Tiger did that several times Sunday, and you could feel the buzz, and none more intensely than on Augusta National’s perilous 16th hole, where he launched his ball on the perfect arc over the water, softly curbing right to left with the terrain and then landing in the precise two-foot-diameter circle so that it would then roll 20 feet down the slope and stop 15 inches below the hole. Geography, geometry, physics and psychology all working in perfect unison.
You cannot overestimate the psychological aspect of that shot. Golf is such a head game, and if you are distracted by something, you’ll never put the geography, geometry and physics together at the level needed to win in professional golf. That’s why Tiger’s game deteriorated so far after his infidelities had been broadcast all over the world in 2009, and even before his back gave out. You could actually see it when Tiger walked through a golf gallery back then. His eye never wanted to meet those of his fans, because he knew that they knew that he knew that they knew that he’d been a first-class jerk.
What was in his head translated into his hands, and it translated into his scores. For the better part of a decade, he could not win a major until his back was healed and he got the monkey of his own misdeeds off his back — by becoming a good father and a better person to his fans and his fellow golfers. You could see him looking everyone in the eye in the last couple of years, and it finally unlocked his fan base. It gave them permission to root for him again, full-throated, despite all the ways he’d disappointed them. And that clearly unlocked his mind, and I am sure his body too, so he could swing freely again.

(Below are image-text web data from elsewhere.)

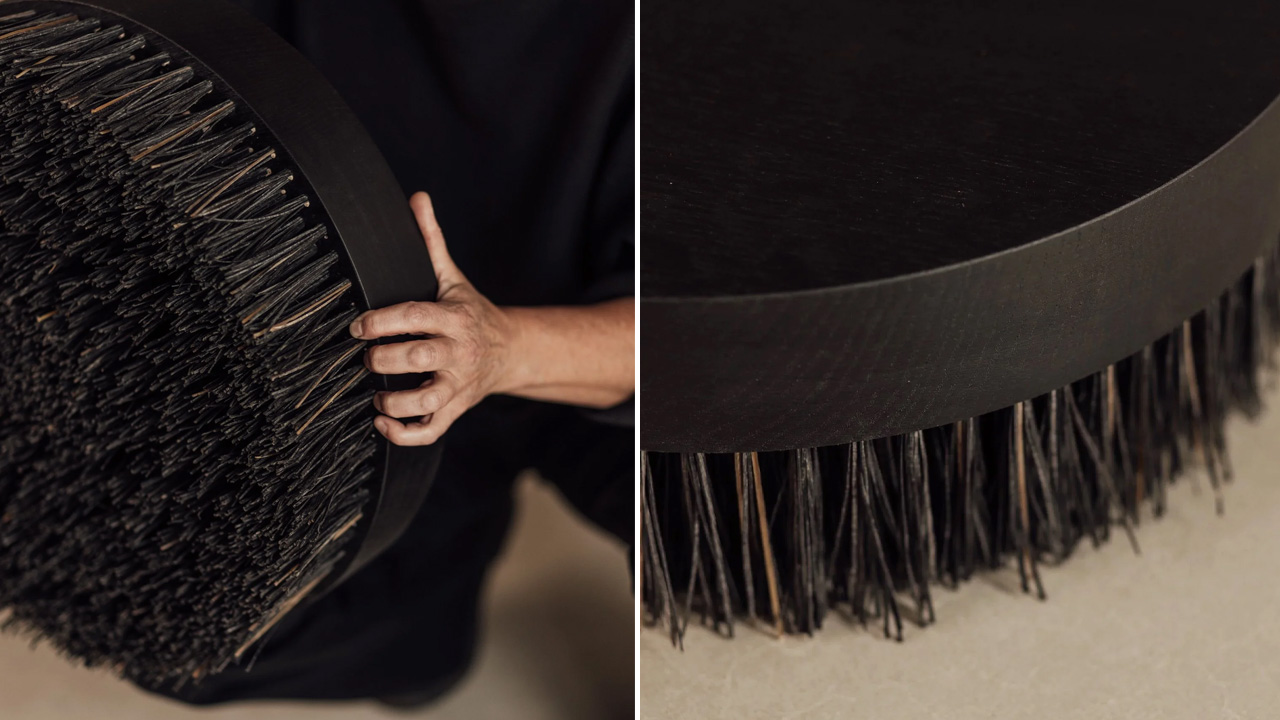 Bristle Collection by Linde Hermans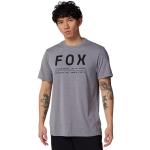 Pánska Jesenná móda FOX čiernej farby vo veľkosti XXL 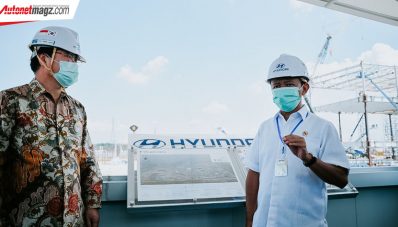 Hyundai Pastikan Pembangunan Pabrik Tetap Berjalan
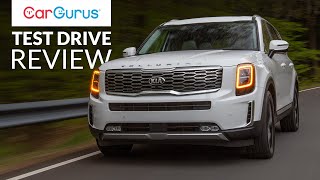 2020 Kia Telluride - Best new 3-row SUV?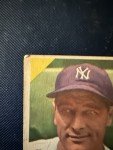Lou Gehrig 1960 Fleer Baseball Card #28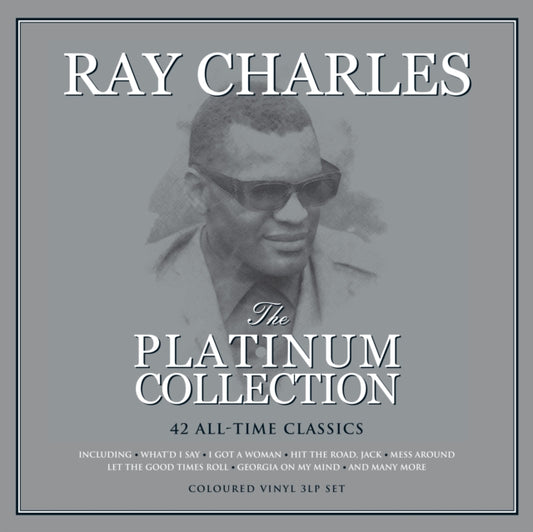 Platinum Collection (White LP Vinyl)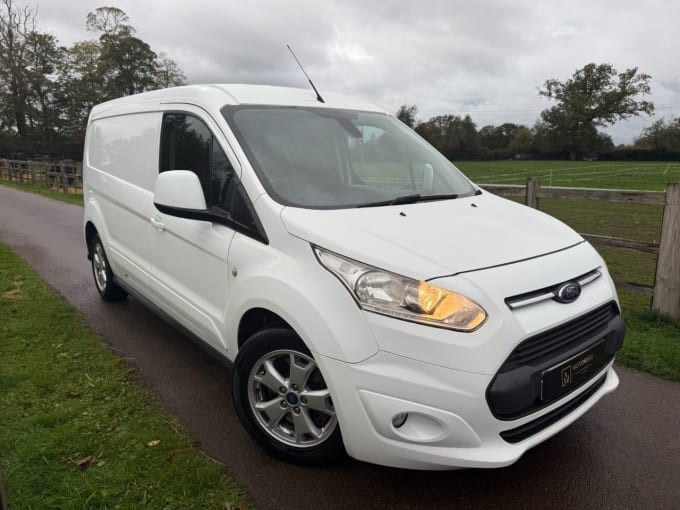 2017 Ford Transit Connect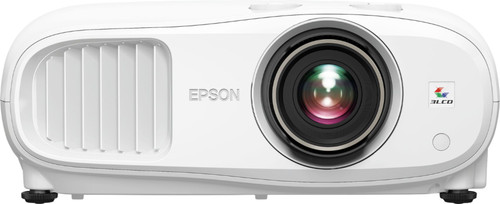 Epson - Home Cinema 3200 4K 3LCD Projector with High Dynamic Range - White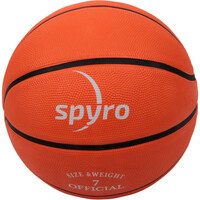 Spyro balón baloncesto CGB-HOOK 7 vista frontal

And that leads to another way that golf is so much like life. Each and every round is a journey, and, like all of life’s journeys, it’s never a straight line. It’s always full of crazy bounces, self-inflicted mistakes and unexpected detours, and therefore always a journey of discovery about yourself and your playing partners. And, if you love the game, it’s an everlasting journey in search of self-improvement — always trying to get your geography, geometry, physics and psychology in perfect alignment.
And when you see it done at the highest level, on the toughest terrain, under the most intense spotlight by someone who had it, lost it and then got it back, you can only say: “What a privilege! I saw Tiger make his comeback and win the Masters at age 43. What a crazy, wonderful, amazing journey!”